One of the criticisms commonly made towards US politics is the two-party system and how some voters complain that they don’t have a candidate that lines up closely with their values.
This is what I call the “Netflixing” of American politics.
Netflix along with Hulu, Amazon Prime Video, and the hundreds of cable TV channels have provided the entertainment consumer with an incredible diversity of choices. One can find entertainment choices that closely align with one’s desires.
This is great for both the artists creating television drama and for the viewer.
But it may be creating unrealistic expectations in other areas of life where the outcome may be choices that do not align closely with one’s desires — like politics in general and the 2016 Presidential Election in particular.

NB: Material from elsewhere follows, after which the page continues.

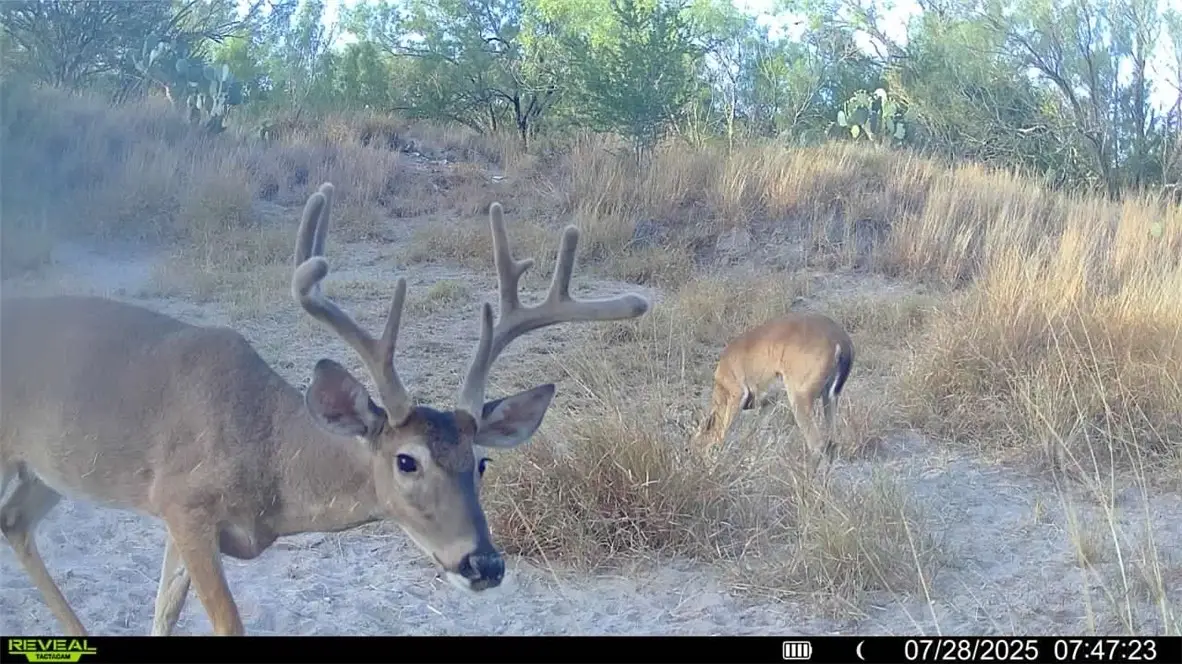 0 Cameron Lane, Fowlerton, TX 78021 - Image #1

The goal in any political campaign is to get a majority of the voters to support the campaign’s candidate. This means that any governing coalition will have to be a broad-based mix of constituencies. Some members of this coalition may not be supporting their first choice for President.
Unlike the “Netflix” model where everyone get’s their first choice, forming a broad majority coalition is closer to the television model of the 1950s and 1960s.
In the 1960’s non-Netflix TV model, there are very few choices and they are not designed to meet an individual viewer’s desires. Instead, the choices are designed to meet the needs of a broad majority coalition.
And this sounds very similar to the approach traditionally used to run as a major party Presidential candidate.